Misunderstanding how detach() works with LSTM training

Hi all, I have a quick question about using detach on a long video with LSTM layers. My problem is this; My video is around a minute long and so I need to perform backpropogation every 7 seconds or so. I’ve searched the forums and most other implementations I’ve seen always clear the hidden states after performing backpropogation. What would happen if I didn’t clear those states and just kept passing the hidden states in until the end of the video? here’s an example:

My model is:

class Classifier(nn.Module):

    def __init__(self, frame_length=70, dropout=0.5):
        super(Classifier, self).__init__()
        self.drop_rate = dropout

        self.conv = nn.Conv2d(3, 128, kernel_size=(3,3), padding=(1,1))
        self.bn = nn.BatchNorm2d(128)
        self.pool = nn.AdaptiveAvgPool2d(1)

        self.rnn = nn.LSTM(128, 128, 1, batch_first=False, dropout=dropout)

        self.fc = nn.Linear(128 * frame_length, 128) # hidden size * number of frames
        self.output_layer = nn.Linear(128, 2)
        self.activation = torch.nn.ReLU()

    def reset_states(self, num_layers=1, batch_size=1, hidden_size=128):

        self.hidden1 = [
            torch.zeros(num_layers, batch_size, hidden_size).requires_grad_(),
            torch.zeros(num_layers, batch_size, hidden_size).requires_grad_()

    def forward(self, input, detach=True):

        batch_size, timesteps, C, H, W = input.size()

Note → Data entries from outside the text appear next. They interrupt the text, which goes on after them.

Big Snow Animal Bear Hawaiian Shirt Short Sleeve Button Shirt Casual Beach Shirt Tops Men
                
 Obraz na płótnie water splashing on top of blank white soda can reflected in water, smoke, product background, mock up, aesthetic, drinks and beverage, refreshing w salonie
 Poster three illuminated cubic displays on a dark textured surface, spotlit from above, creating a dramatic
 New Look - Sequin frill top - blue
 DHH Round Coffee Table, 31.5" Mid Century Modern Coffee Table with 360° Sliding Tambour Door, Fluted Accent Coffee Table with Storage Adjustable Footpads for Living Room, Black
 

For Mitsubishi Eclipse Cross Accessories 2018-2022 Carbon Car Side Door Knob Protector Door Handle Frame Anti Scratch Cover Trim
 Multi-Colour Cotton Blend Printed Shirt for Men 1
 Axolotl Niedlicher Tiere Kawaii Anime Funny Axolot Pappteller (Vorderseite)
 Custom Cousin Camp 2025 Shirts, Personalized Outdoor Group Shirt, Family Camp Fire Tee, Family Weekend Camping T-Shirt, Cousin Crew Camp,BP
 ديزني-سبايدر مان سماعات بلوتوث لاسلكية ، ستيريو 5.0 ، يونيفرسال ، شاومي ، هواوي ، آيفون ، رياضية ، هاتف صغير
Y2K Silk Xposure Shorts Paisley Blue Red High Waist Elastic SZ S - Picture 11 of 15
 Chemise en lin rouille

        output = input.view(batch_size * timesteps, C, H, W) # change size for convolutional layer

        output = self.conv(output)
        output = self.bn(output)
        output = self.activation(output)
        output = self.pool(output)

        output = output.view(timesteps, batch_size, -1) # change size for recurrent layer
        output, hidden1 = self.rnn(output, self.hidden1)
        # Pass the hidden states on to the next forward pass
        if detach:
            self.hidden1[0] = hidden1[0].detach()
            self.hidden1[1] = hidden1[1].detach()

        output = output.reshape(output.shape[1], -1)
        output = self.activation(self.fc(output))
        output = TF.dropout(output, self.drop_rate)

        output = self.output_layer(output)

        return output

And then in my training loop:

for i in range(0, 10):
    for c in range(0, len(dataset):
        video, label = dataset[c]

        net.reset_states() # Only reset the hidden states here, before a new video is loaded
        """ For brevity's sake, lets just pretend this for loop gets 70 frames out of the video every iteration
             and applies any transforms Also lets pretend the video is 10fps making this 7 seconds of video"""
        for frames in video:
             batch = frames.unsqueeze(0) # add batch dimension, only using a single batch for simplicity
             output = self.net(batch)
             loss = self.criterion(output, label)

Sorry if there’s any errors in the code, I’m just quickly making an example up out of thin air. What would happen in this case, would each new batch still have the context of the previous batch? I understand that gradients would only be tracked for the last 7 seconds of video but wouldn’t it also have the hidden states from the rest of the video to consider?

I’ve also seen some implementations of TBPTT which would work but am not entirely certain how to do this with convolutional layers and linear layers mixed in.